- The task -
Every line of the entries that holds the word "just" is to be copied.

- Material for the task -

====================

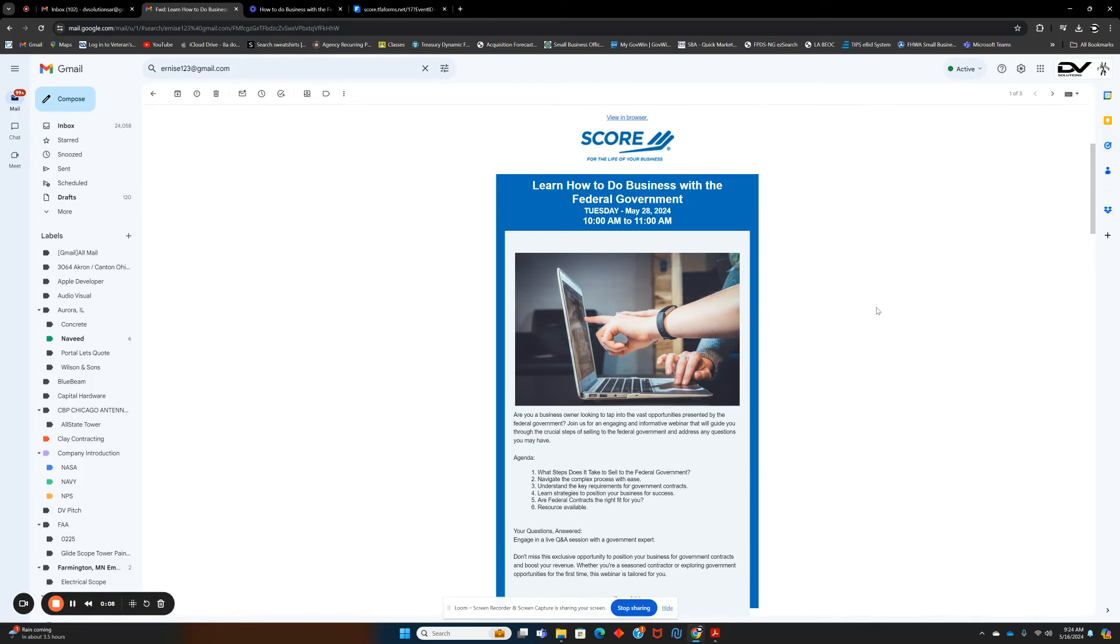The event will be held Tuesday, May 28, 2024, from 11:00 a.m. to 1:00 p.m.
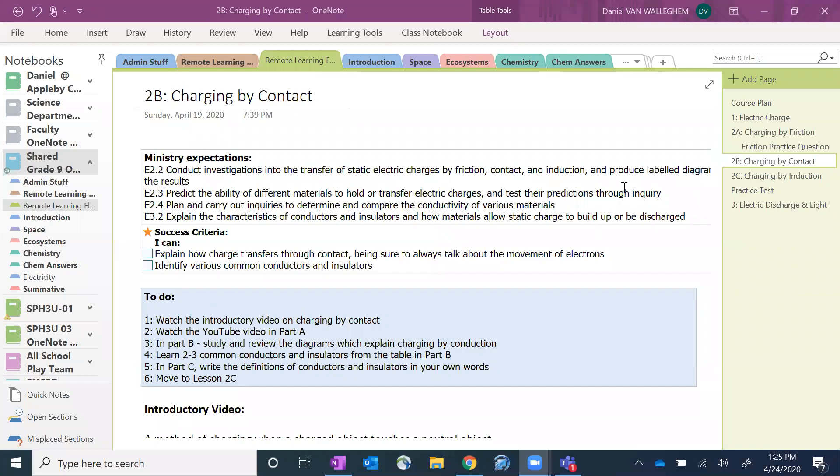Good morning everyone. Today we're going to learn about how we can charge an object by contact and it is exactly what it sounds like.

====================

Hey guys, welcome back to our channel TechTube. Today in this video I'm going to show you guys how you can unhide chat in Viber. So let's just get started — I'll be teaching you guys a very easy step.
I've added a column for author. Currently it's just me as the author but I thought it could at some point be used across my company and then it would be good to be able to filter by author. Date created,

====================

- Result of the task -
Hey guys, welcome back to our channel TechTube. Today in this video I'm going to show you guys how you can unhide chat in Viber. So let's just get started — I'll be teaching you guys a very easy step.
I've added a column for author. Currently it's just me as the author but I thought it could at some point be used across my company and then it would be good to be able to filter by author. Date created,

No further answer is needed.